From: James Bottomley
Date: Tue Jan 17 2023 - 18:27:33 EST


On Sat, 2023-01-14 at 19:05 -0800, Matthew Garrett wrote:
> On Sat, Jan 14, 2023 at 6:55 AM James Bottomley <jejb@xxxxxxxxxxxxx>
> wrote:
> > Can we go back again to why you can't use locality?  It's exactly
> > designed for this since locality is part of creation data. 
> > Currently everything only uses locality 0, so it's impossible for
> > anyone on Linux to produce a key with anything other than 0 in the
> > creation data for locality.  However, the dynamic launch people are
> > proposing that the Kernel should use Locality 2 for all its
> > operations, which would allow you to distinguish a key created by
> > the kernel from one created by a user by locality.
> >
> > I think the previous objection was that not all TPMs implement
> > locality, but then not all laptops have TPMs either, so if you ever
> > come across one which has a TPM but no locality, it's in a very
> > similar security boat to one which has no TPM.
>
> It's not a question of TPM support, it's a question of platform
> support.

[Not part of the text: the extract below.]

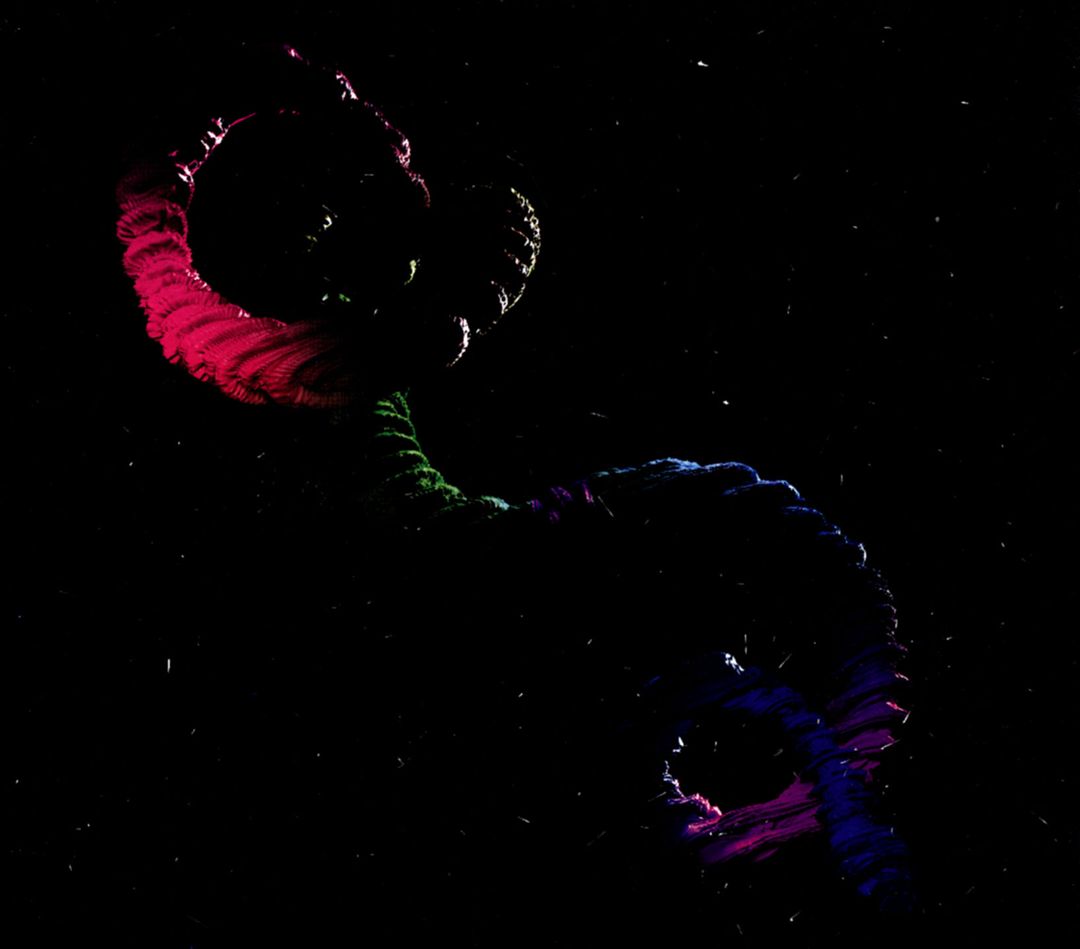 Snake cover art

Intel chipsets that don't support TXT simply don't forward
> requests with non-0 locality. Every Windows-sticker laptop since 2014
> has shipped with a TPM, but the number that ship with TXT support is
> a very small percentage of that. I agree that locality is the obvious
> solution for a whole bunch of problems, but it's just not usable in
> the generic case.

How sure are you of this statement? Of all the Laptops I have with
TPM2 (a sample size of 2), my old Dell XPS-13 (a 9350 bought in 2016
with a TPM 1.2 that was firmware upgraded to 2.0) has a Nuvoton TIS TPM
that doesn't respond on any locality other than 0. However, my more
modern Inspiron 13 2-in-1 (a 7391 from 2019 recently bought
refurbished) has an Intel PTT TPM using the CRB interface and responds
fine on locality 1 and also indicates that locality in the creation
data. Neither of these laptops has TXT nor the SMX extensions, so that
would seem to indicate your statement above isn't universal.